* [What you will do]
All records below are to be repeated exactly, with the pictures left out.

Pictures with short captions
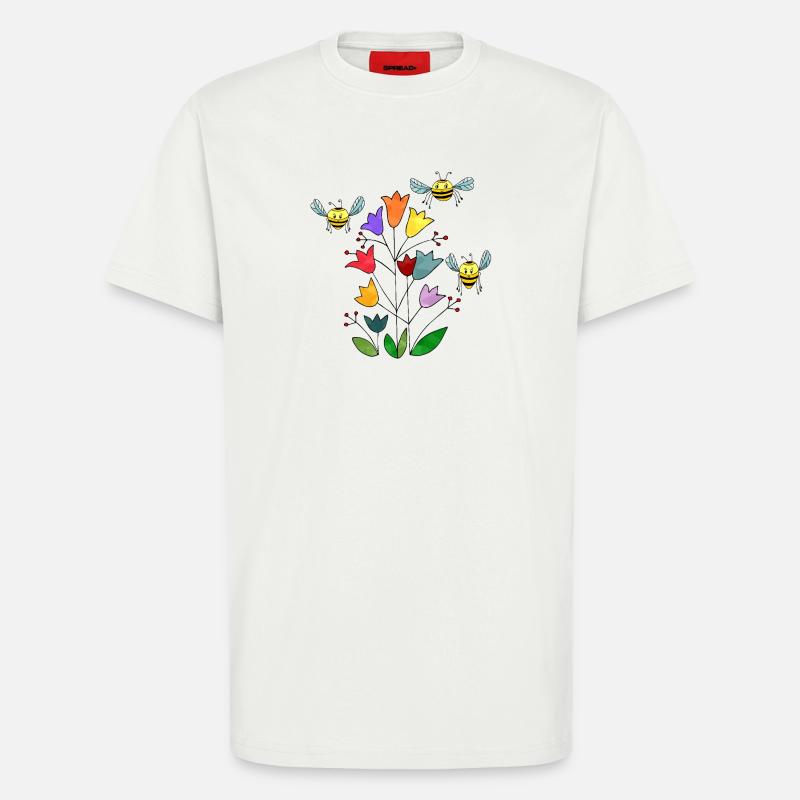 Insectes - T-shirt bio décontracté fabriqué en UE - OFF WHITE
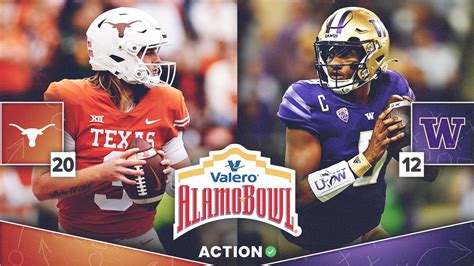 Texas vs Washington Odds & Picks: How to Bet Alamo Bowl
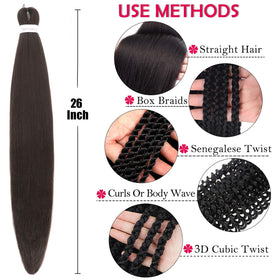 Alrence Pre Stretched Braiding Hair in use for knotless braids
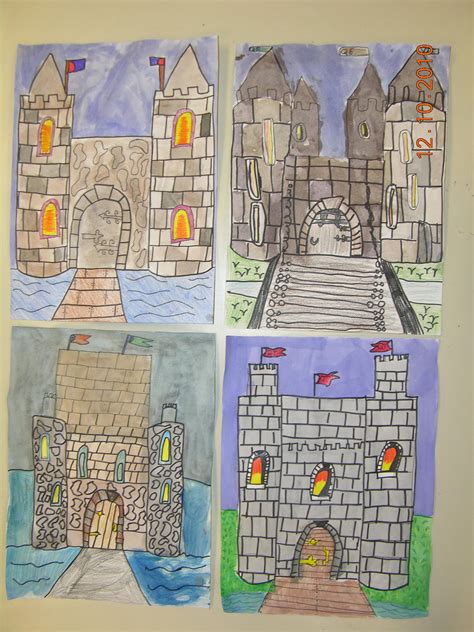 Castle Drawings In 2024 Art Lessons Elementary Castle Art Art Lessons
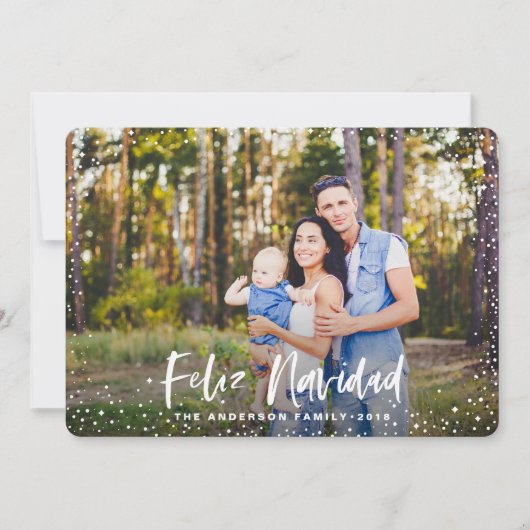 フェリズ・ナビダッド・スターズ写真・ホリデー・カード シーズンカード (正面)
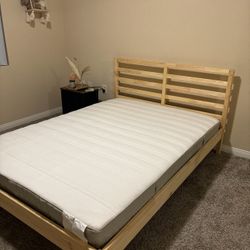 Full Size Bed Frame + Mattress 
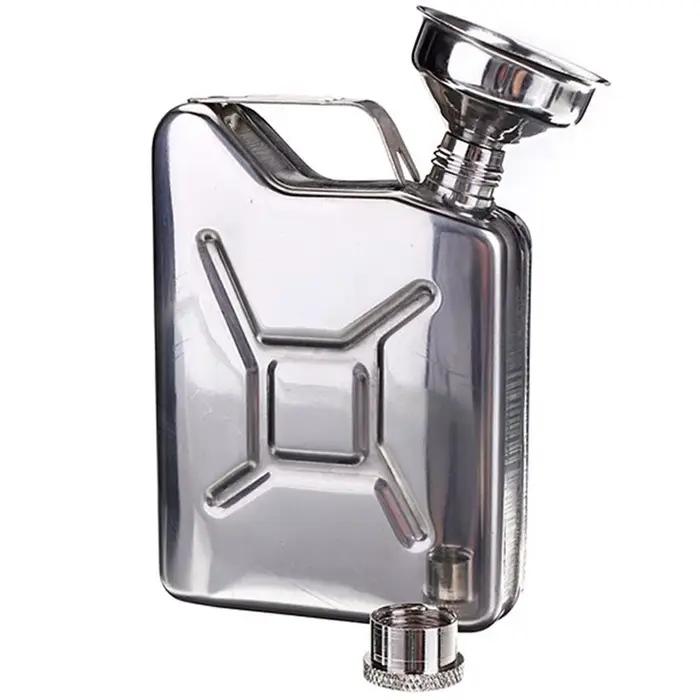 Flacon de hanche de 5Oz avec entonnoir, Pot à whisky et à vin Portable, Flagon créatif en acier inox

* [Solution]
 Insectes - T-shirt bio décontracté fabriqué en UE - OFF WHITE
 Texas vs Washington Odds & Picks: How to Bet Alamo Bowl
 Alrence Pre Stretched Braiding Hair in use for knotless braids
 Castle Drawings In 2024 Art Lessons Elementary Castle Art Art Lessons
 フェリズ・ナビダッド・スターズ写真・ホリデー・カード シーズンカード (正面)
 Full Size Bed Frame + Mattress 
 Flacon de hanche de 5Oz avec entonnoir, Pot à whisky et à vin Portable, Flagon créatif en acier inox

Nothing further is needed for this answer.